§ Short descriptive text snippets:
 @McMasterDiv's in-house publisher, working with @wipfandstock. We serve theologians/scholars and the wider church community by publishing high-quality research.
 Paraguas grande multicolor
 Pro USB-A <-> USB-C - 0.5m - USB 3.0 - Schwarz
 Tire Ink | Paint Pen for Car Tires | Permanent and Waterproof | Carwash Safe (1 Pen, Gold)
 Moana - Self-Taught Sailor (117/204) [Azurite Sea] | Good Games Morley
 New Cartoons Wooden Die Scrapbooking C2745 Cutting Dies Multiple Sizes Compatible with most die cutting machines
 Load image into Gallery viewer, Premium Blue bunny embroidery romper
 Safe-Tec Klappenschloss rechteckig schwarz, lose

§ TASK PROMPT:
Having read the entries above, set each one down again exactly.

§ EXERCISE ANSWER:
 @McMasterDiv's in-house publisher, working with @wipfandstock. We serve theologians/scholars and the wider church community by publishing high-quality research.
 Paraguas grande multicolor
 Pro USB-A <-> USB-C - 0.5m - USB 3.0 - Schwarz
 Tire Ink | Paint Pen for Car Tires | Permanent and Waterproof | Carwash Safe (1 Pen, Gold)
 Moana - Self-Taught Sailor (117/204) [Azurite Sea] | Good Games Morley
 New Cartoons Wooden Die Scrapbooking C2745 Cutting Dies Multiple Sizes Compatible with most die cutting machines
 Load image into Gallery viewer, Premium Blue bunny embroidery romper
 Safe-Tec Klappenschloss rechteckig schwarz, lose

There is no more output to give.